THE INPUT =>
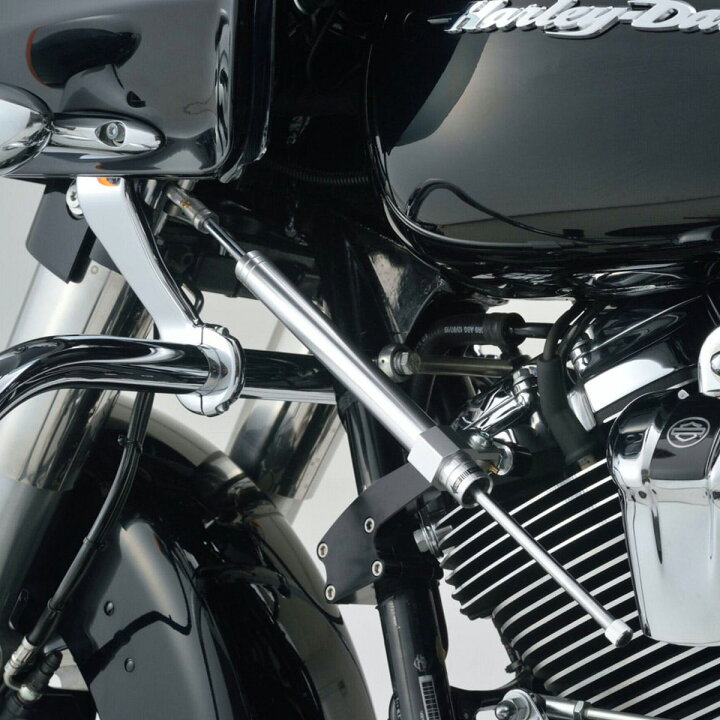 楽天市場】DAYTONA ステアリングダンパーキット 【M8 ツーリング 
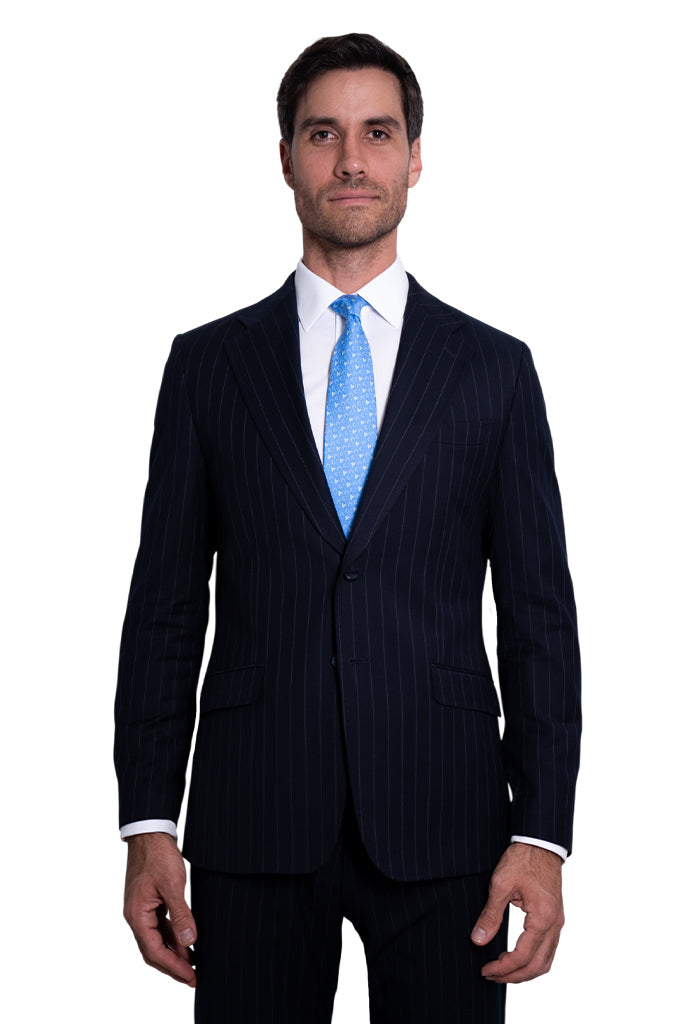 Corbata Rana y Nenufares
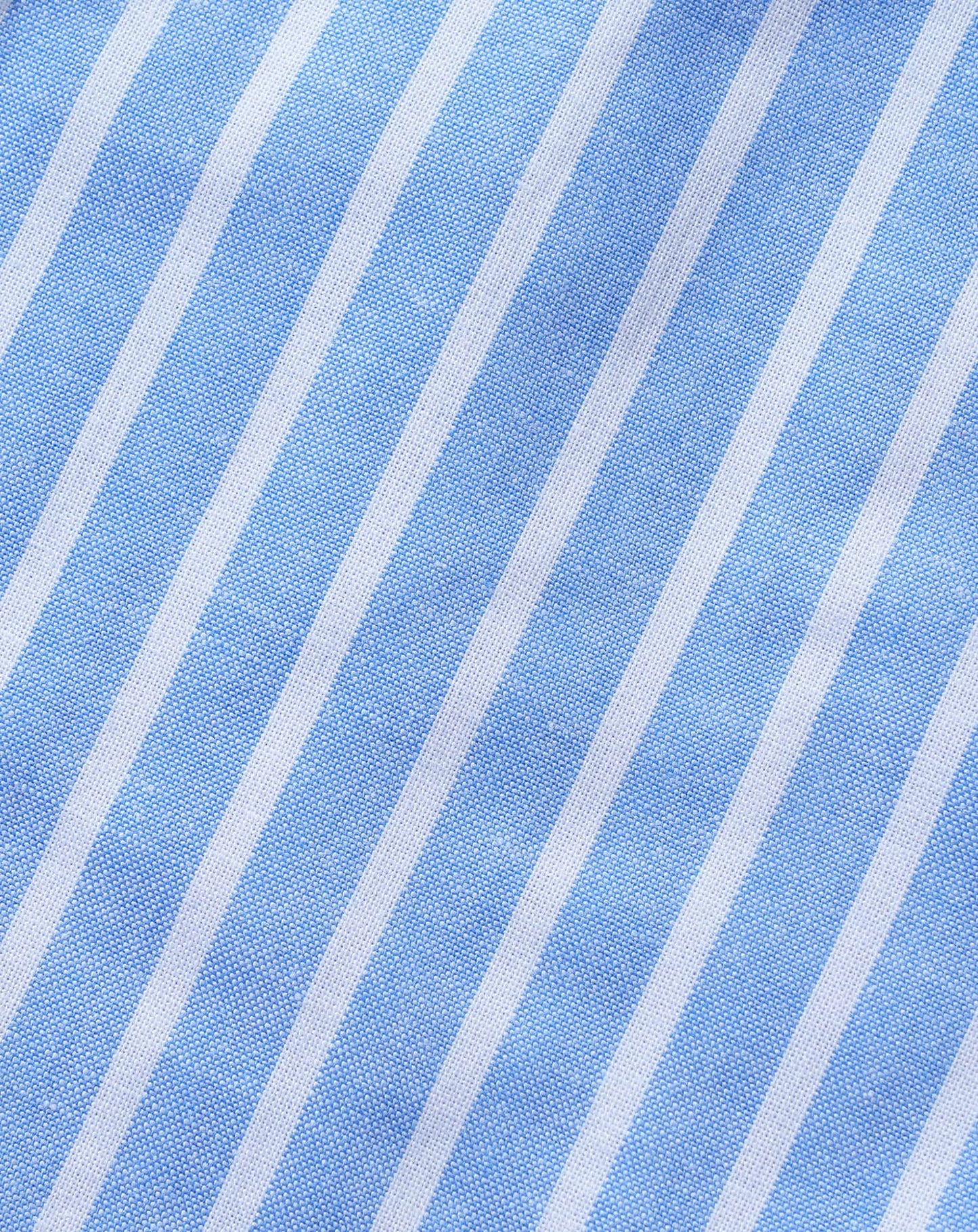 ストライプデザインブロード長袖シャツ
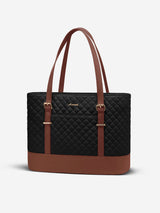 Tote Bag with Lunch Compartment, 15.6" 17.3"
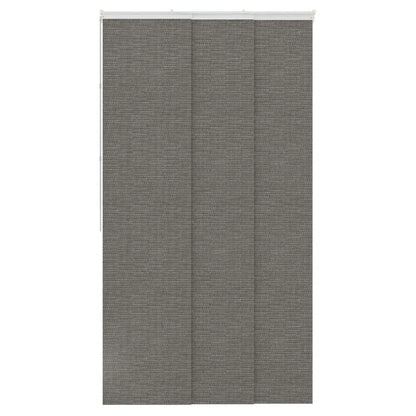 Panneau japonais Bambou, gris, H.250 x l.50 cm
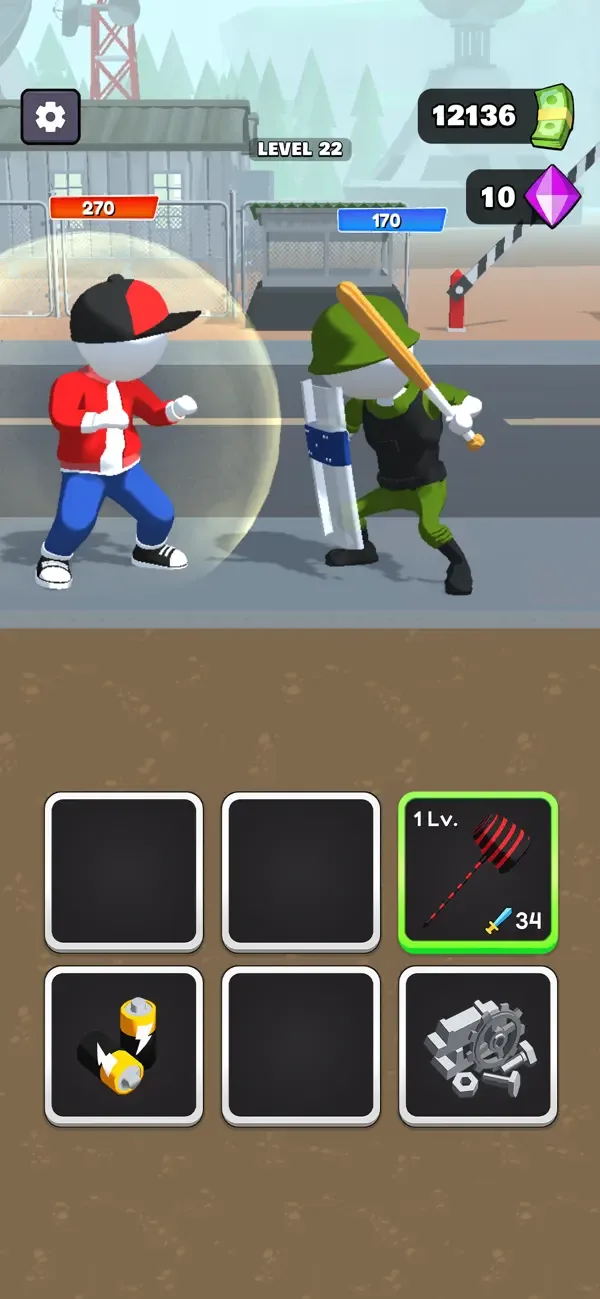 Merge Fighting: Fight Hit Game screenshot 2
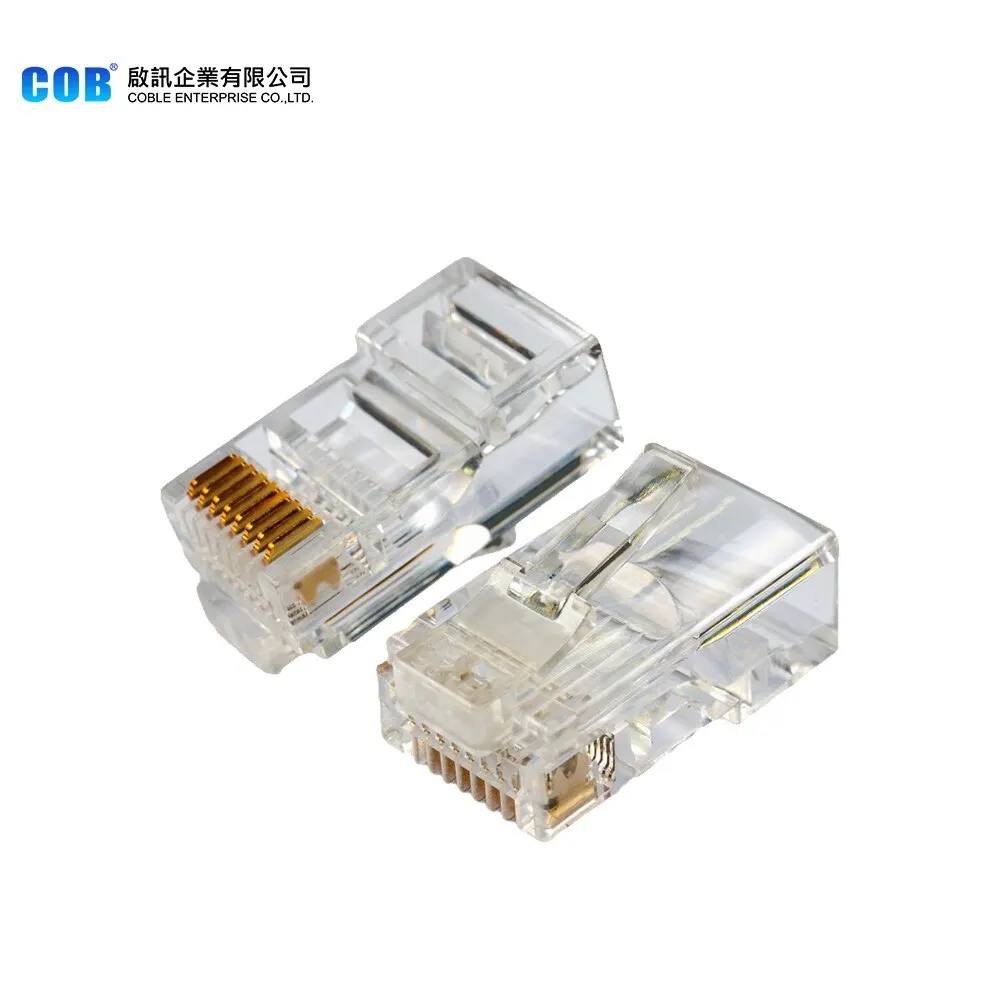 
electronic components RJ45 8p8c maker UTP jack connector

WORK REQUEST =>
The lines to repeat start at the one holding "ストライプデザインブロード長袖シャツ" and run through the last line of the records above; write them out exactly, both ends included, but not the pictures.

SOLUTION FOR THIS TASK =>
 ストライプデザインブロード長袖シャツ
 Tote Bag with Lunch Compartment, 15.6" 17.3"
 Panneau japonais Bambou, gris, H.250 x l.50 cm
 Merge Fighting: Fight Hit Game screenshot 2
electronic components RJ45 8p8c maker UTP jack connector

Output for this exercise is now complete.